Summary: Primary care practices in the United States must balance the timeliness of care delivery with continuity. Continuity of care includes balancing the lead time for appointments with the goal of having patients see their own primary physician whenever possible. Timeliness and continuity are intrinsically tied to the makeup of the patient population—the “physician-patient panel”—that a physician oversees. In addition to these priorities, teaching hospitals must take into account the learning requirements of their medical residents. In order to prepare for future practice, residents should be exposed to the widest possible range of clinical experiences.
Using patient appointment data, physician-patient panel sizes, and physician case mix, Dr. Balasubramanian and his team investigated how group practices can manage physician and resident-patient panels to improve timeliness of access and continuity. They developed a quantitative decision-support system to help clinicians, practice managers, and health systems answer the following questions:
- How should physician-patient panel composition be altered over time to best match patient demand with physician supply?
- How should practices best match patient and physician preferences, while simultaneously considering the influence of panel size and case mix on patient access?
- How many additional new patients can be empanelled without adversely affecting the goals of timely access and continuity?
The project team constructed a general modeling framework for managing physician and resident-patient panels in a group practice and utilized systems engineering methods (optimization and discrete event simulation) to model the system over time. By incorporating specific features such as patient and physician preferences, changes in scheduling regimens, and changes in the supply and demand dynamics of a practice, the project team extended the framework’s applicability to various primary care settings.
- Develop a modeling framework that can translate generally to various primary care settings. (Achieved)
- Extend the model’s ability to dynamically generate optimal panels and incorporate changes in physician availability and patient demand over time. (Achieved)
- Develop and disseminate the first two aims in a Web-based decision support tool for clinicians, practice managers, and health care systems. (Achieved)
2012 Activities: Retrospective data from primary care clinics were used to complete the development of computer simulation models to optimize physician-patient panels and support operational and capacity planning for clinics. Due to delays initiating the project, Dr. Balasubramanian used a 1-year no-cost extension. This project was completed in February 2012.
Impact and Findings: Two primary care clinics were involved in the study: the Primary Care Internal Medicine Practice at the Mayo Clinic in Rochester, MN, and a primary care clinic at the Massachusetts General Hospital (MGH). Retrospective data from the Mayo clinic was used to determine important attributes in the distribution of patient visits among providers in order to develop the model. At MGH, the focus was on applying the developed model and evaluating the impact of reassignments to optimize panels.
The analysis of the Mayo Clinic practice used data from 2004 to 2006 on 20,000 patients and 39 physicians to characterize the practice and predict the probability of a patient appointment request. Patient-level data included the number and type of chronic conditions afflicting each patient, as well as the number of visits for each patient during the 3-year period. Dr. Balasubramanian and his team developed a simulation model to explore the impact of moving patients between panels as a way to improve timely access and continuity of care. The model showed a 40 percent improvement in timely access and continuity of care when older patients with many chronic conditions were shifted from an overburdened physician to a physician with available capacity.

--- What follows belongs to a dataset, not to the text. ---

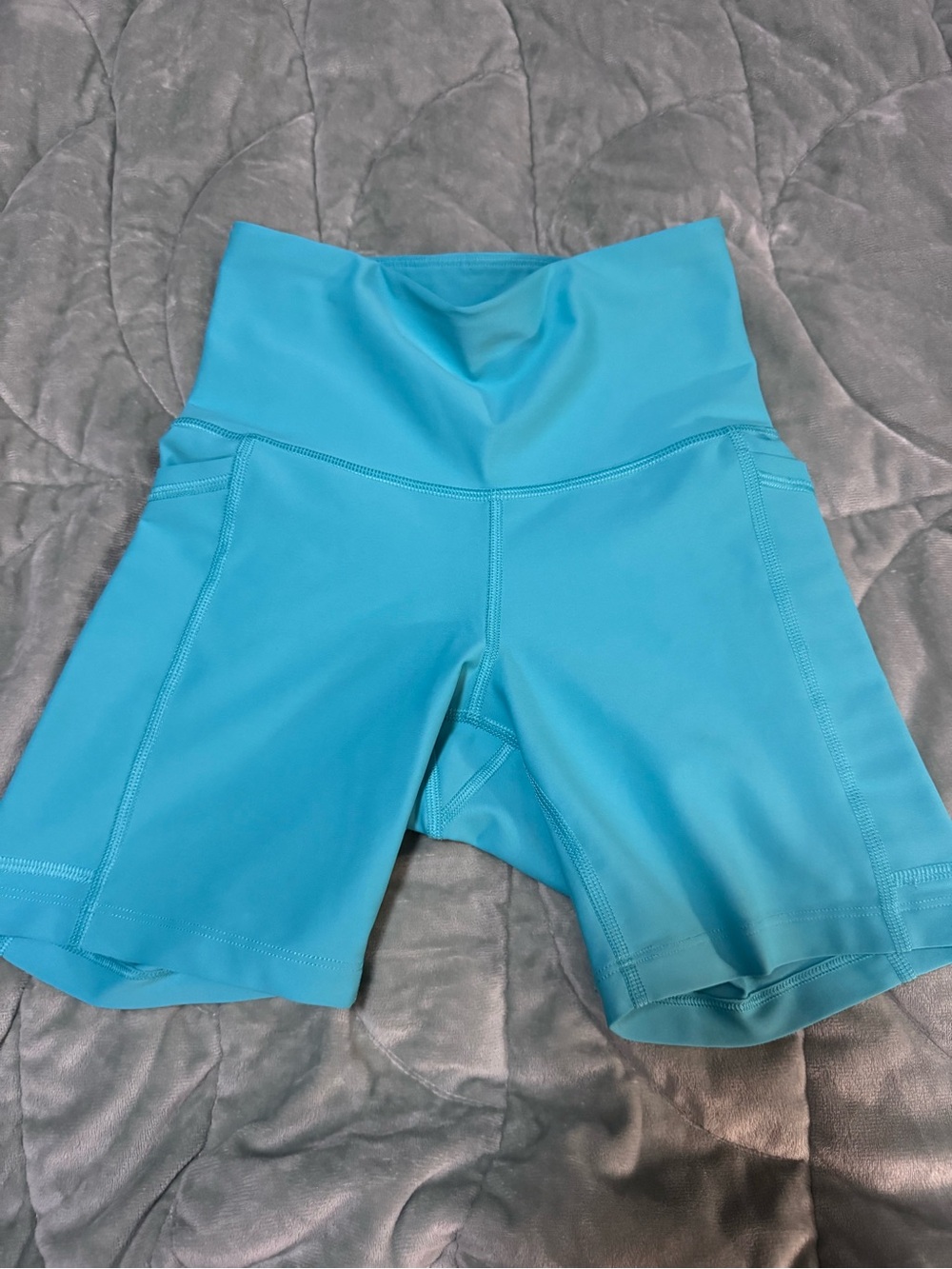 Old Navy Bright Turquoise High-Waist Bike Shorts size XS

The analysis of the MGH practice used data from 258 residents and approximately 17,000 patients for the 21-month period between July 1, 2008 and April 30, 2010. Dr. Balasubramanian used data from 14 residents and three preceptors to examine the number of diagnoses per resident panel versus the number of patient visits. This analysis showed a wide variation in number of diagnoses per resident panel and that patients with more diagnoses have more clinic visits. The patient reassignment model was applied within and across preceptor panels. Reassigning patients within a preceptor panel reduced the imbalance and maintained continuity between preceptor and patients. Reassigning patients across preceptor panels further reduced the imbalance; however, it also decreased continuity of care. By applying the model within and across preceptor panels, the difference between number of diagnoses and number of visits was reduced. Not-yet optimized panels were compared with optimized panels at current and with a 10 percent increase in physician demand. The optimally designed panels with the 10 percent increase in demand offered more capacity than the not-yet optimized panels without the increased demand. The models indicated that optimized physician-patient panels increase physician capacity and may create an opportunity to mitigate physician shortages. Dr. Balasubramanian noted that while reassignment of patients across preceptors would have serious ramifications for continuity of care, the model may be applied to assign new patients to physicians and to assign patients to new residents.
In a time where more practices are implementing the patient-centered medical home, this research provides a framework for dynamic management of physician panels in a primary care group practice to improve access and continuity. The process of patient panel redesign can be achieved by practices over many years, based on natural attrition rates and new patients joining the practice. The findings from this study may serve as an assessment tool for practices to characterize and benchmark their clinic population on an ongoing basis and ultimately increase access and continuity of care.
Target Population: General
Strategic Goal: Develop and disseminate health IT evidence and evidence-based tools to improve health care decisionmaking through the use of integrated data and knowledge management.